Editor's Notebook: Britain's Emotional Reception for War Dead

Haunting scene as British casualties pass through Wootton Bassett.

July 6, 2010— -- In Britain last Wednesday, the papers carried mostly unremarkable fare: the latest on the Russian spy story, a shakeup in British sentencing policies, the Queen's visit to Canada, Scotsman Andy Murray's run at Wimbledon. It was a beautiful summer morning in London, unseasonably warm, hardly a cloud in the sky. I was finishing my breakfast, and finishing the papers, when my eye found an image as arresting as any I'd seen in a while.

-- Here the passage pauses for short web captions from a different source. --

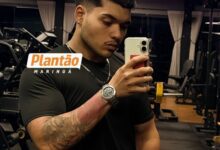 Fotos de Jovem que morreu em acidente em Maringá planejava vender moto para comprar casa para a mãe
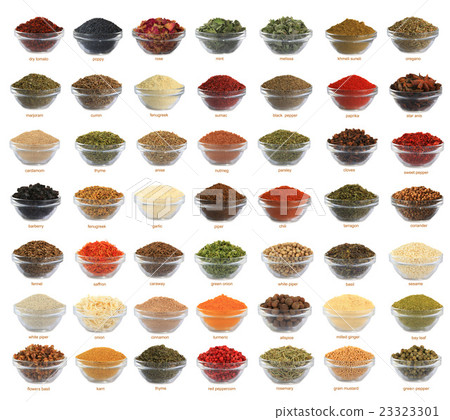 collage spices 23323301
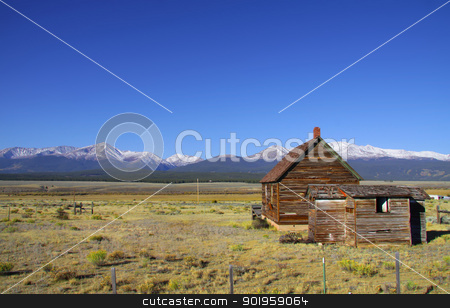 To use this stock image in your creative project, please select the size you need over to the right and click the "Add to Cart" button.
Your downloaded image will come with the Cutcaster watermark removed so don’t worry about the watermark you see on this page. Old barn stock photo, Abandoned barn in the plains of Colorado by Sreedhar Yedlapati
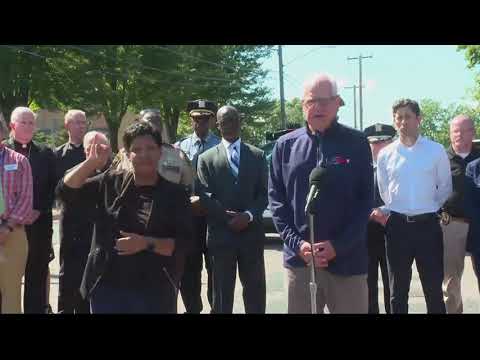 Minnesota Gov. Tim Walz on Minneapolis Catholic school shooting: 'No words to ease the pain'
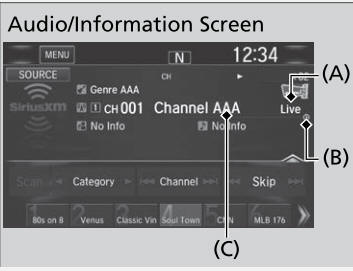 Honda CR-V. Replay Function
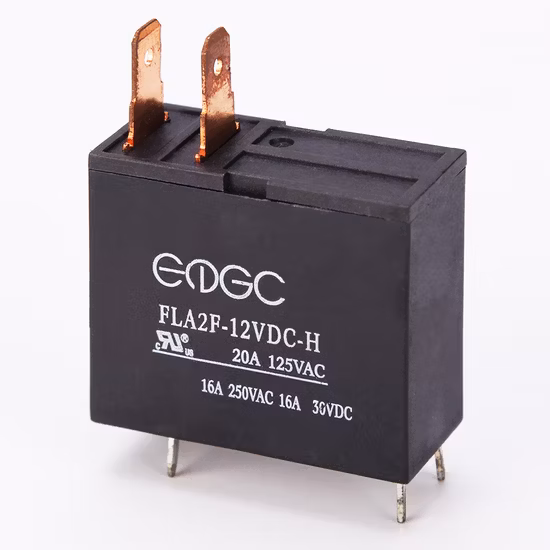 번성 릴레이 고전류 전자기 30A 240VAC PCB 릴레이
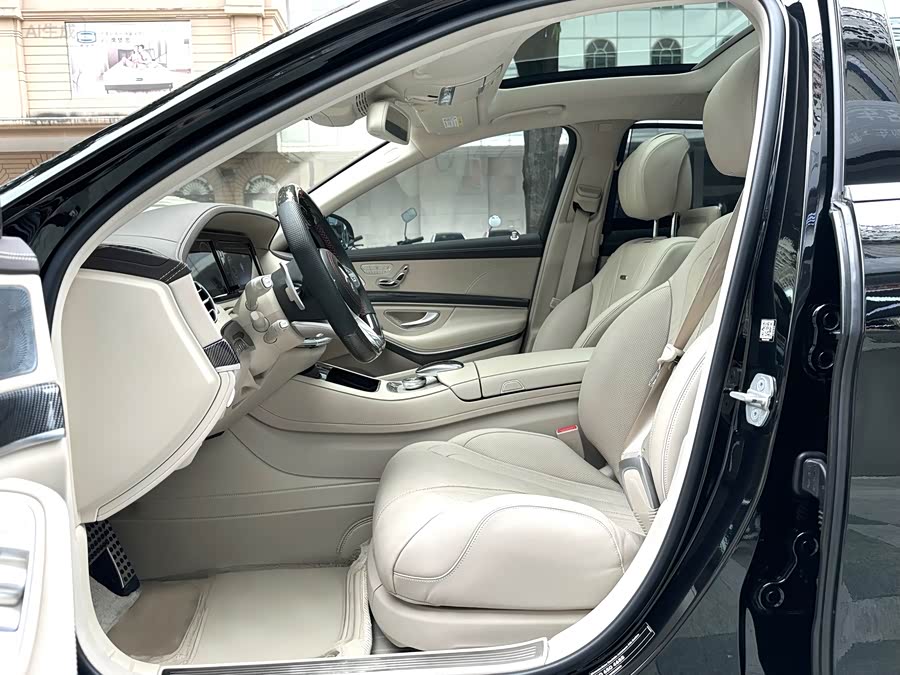 Mercedes-Benz S AMG 2017 car image #6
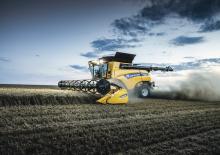 Зерновий комбайн New Holland CR7.90 ST5+DFR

The photograph showed a procession of black cars making its way down a narrow street, police officers and soldiers saluting the cars, people on either side lined six deep or so, nearly every one of them standing at attention. The Union Jack was visible in the backs of the cars – the last clue, if you needed one, of what you were looking at. The picture struck me as a particularly compelling portrait of war, and loss.

Seven men had come home in coffins that morning, flown on a Royal Air Force plane from Afghanistan to the RAF base at Lyneham. Then, as has been the custom in Great Britain, a cortege had carried the men past throngs of mourners, a slow and profoundly moving procession that would bring the servicemen to their final resting place. The photograph had been taken in Wootton Bassett, a small market town in northern England where thousands of people had come to pay tribute.

That seven British servicemen had died in a week in Afghanistan was sad, but hardly a shock. June had already proved the deadliest month for NATO in the eight-and-a-half-year-long war, and British losses had recently surpassed 300 dead. But for American eyes – used to seeing only the occasional arrival of coffins at Dover Air Force Base, or distant photographs of a burial at Arlington – the scene at Wooton Bassett was powerful, and haunting.

There were several pictures. People laid flowers atop the hearse cars. British Legion members lowered flags as the cars passed. A woman leaned her head against a hearse window. One close-focus photo showed a flag-wrapped coffin, and a tearful woman staring into the car.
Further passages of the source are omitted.